Wow, there is a lot that goes into SAM. I muddled my way through entering two strings, one at 0° tilt and the second at 8° tilt, using a Trina Solar panel (TSM-300DD05a.05II) since it was in their database and it seemed to match up with a panel that is currently available. The database of modules in SAM is from Dec 2019. This is not the same panel I used in my prior post. The application also requires the selection of an inverter. I picked one pretty much at random since I'm not concerned about the inverter.
With both string at 0° tilt the output is 1,222 kWh/year.
With one string at 0° tilt and the other at 8° tilt the output is 1,259 kWh/year.
There isn't a way to setup a string with panels at different tilts. The model assumes that all panels on a string are at the same tilt. Consequently, I don't see a way to calculate the output if a string is made up of panels A1, B1 and B2.

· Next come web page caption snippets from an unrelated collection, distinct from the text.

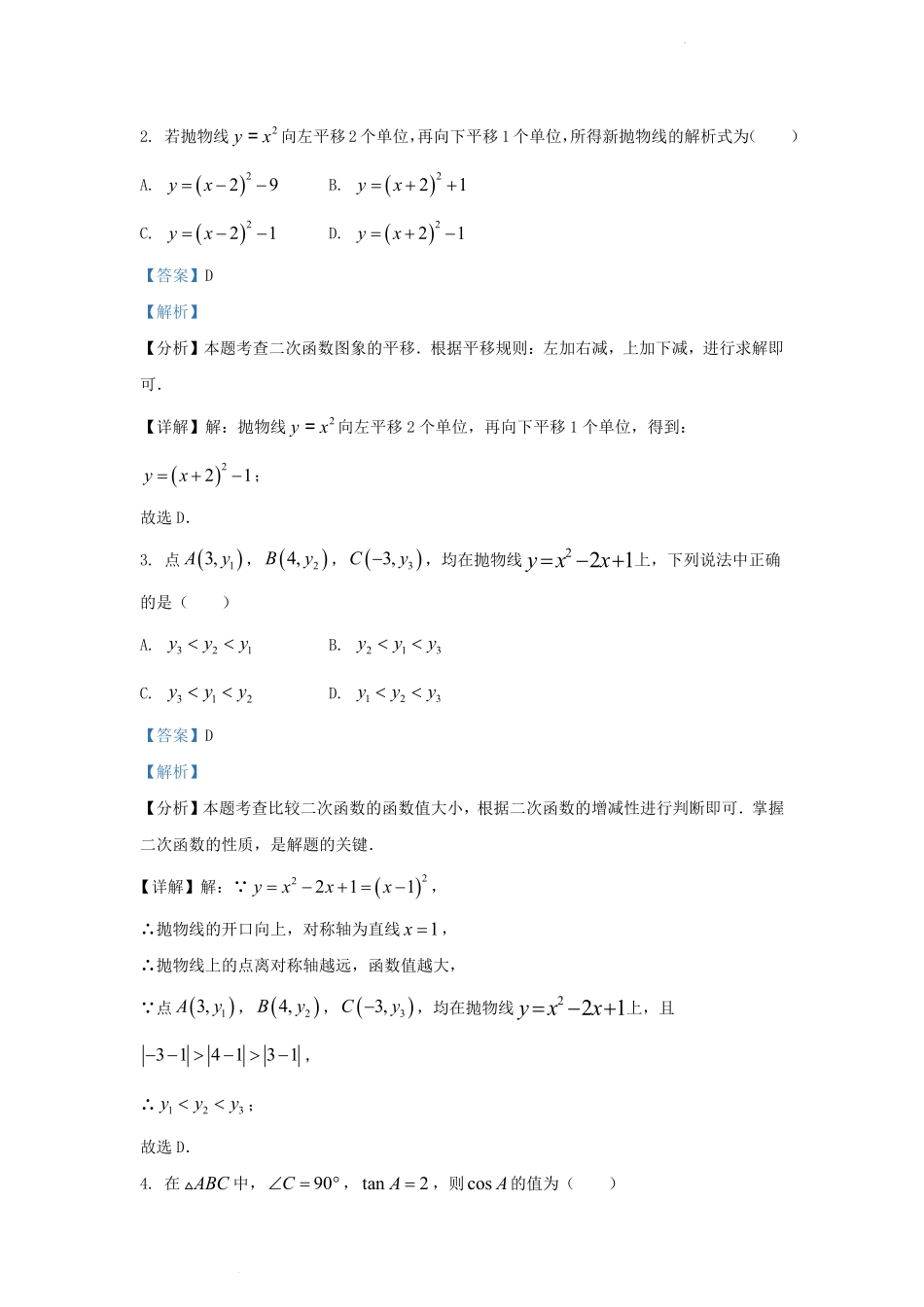 2023-2024学年安徽省合肥庐阳区九年级上学期数学期末试题及答案.pdf_第2页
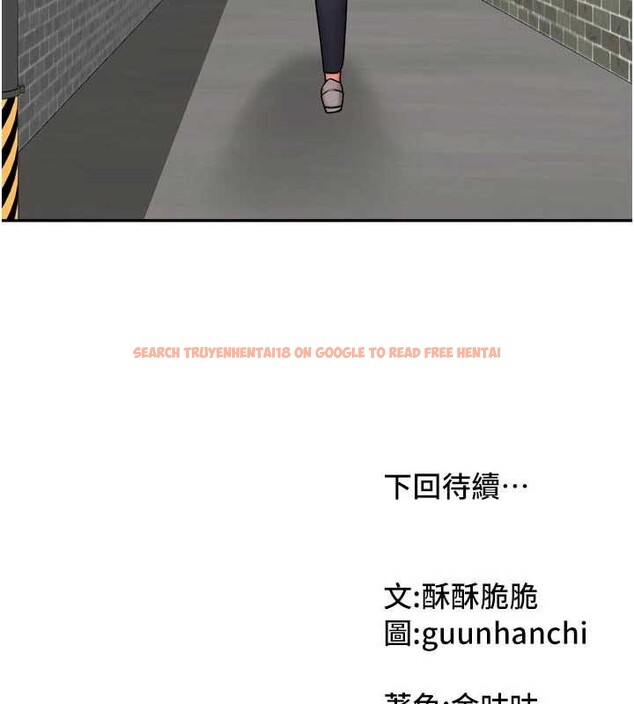 查看漫画我家的女房客 - 第37話-在危機中傳達的真心 - sayhentaiz.net中的3958064图片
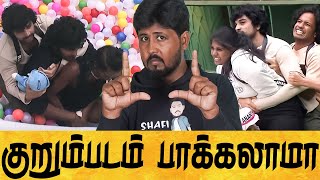 😡 ரயண்க்கு YELLOW CARD உறுதி 🤦 எல்லை மீரும் GOA GANG 😡 Biggboss Season 8 Day 53 Review 🔥 Shafi Zone [upl. by Karr]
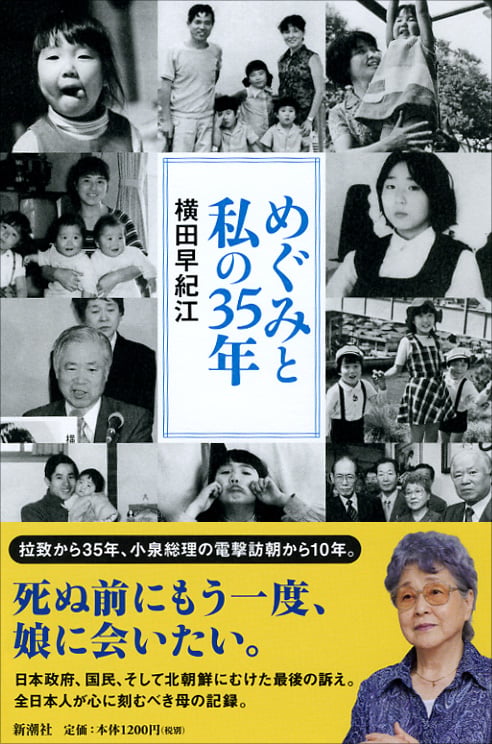 めぐみと私の35年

I used a south facing orientation (180°). That was the default. Just for giggles, I chose an east facing orientation (90°) and the output numbers didn't change.
It looks like the "loss" for an array with some panels tilted and some not tilted is 3%. I'm backing into that number simply based on the simulated kWh output. 3% gives me a good indicator of the scope of the "loss" due to different angles. At 3% I'm not going to worry about it.
I think the only way to get a better handle on this is to get the system installed and switch the wiring around, using different panel arrangements on a string. Or, I'll just over panel and call it a day.
The SAM help manual has this to say about mismatches:
Subarray Mismatch Losses For a system with more than one subarray, SAM can estimate losses due to maximum power point mismatches between subarrays, but only with the CEC module submodel (either with database parameters or user-defined inputs, see Section 9.5). For the Sandia module model and simple efficiency module model, SAM does not estimate subarray mismatch losses as explained in Section 10.1.
The subarray mismatch loss algorithm (Dobos 2012b) is intended to model situations that may occur in residential rooftop systems when the array is installed on different parts of the roof with different orientations and connected to a single inverter. The group of modules on each roof surface is a subarray, and may have its own set of parameters defining its tilt and azimuth angles, tracking, shading factors, and DC losses.
In larger systems, modules are typically oriented uniformly across the entire array. SAM’s subarray mismatch algorithm is not suitable for such systems. SAM does not calculate mismatch losses due to maximum power point losses between individual modules in the array or in each subarray.
The algorithm determines the system’s maximum power point in a given hourly time step by running the CEC module model over a range of maximum power point voltage values to find the voltage that results in the complete array’s highest maximum power given each of its subarray’s effective incident irradiance, module performance and temperature parameters.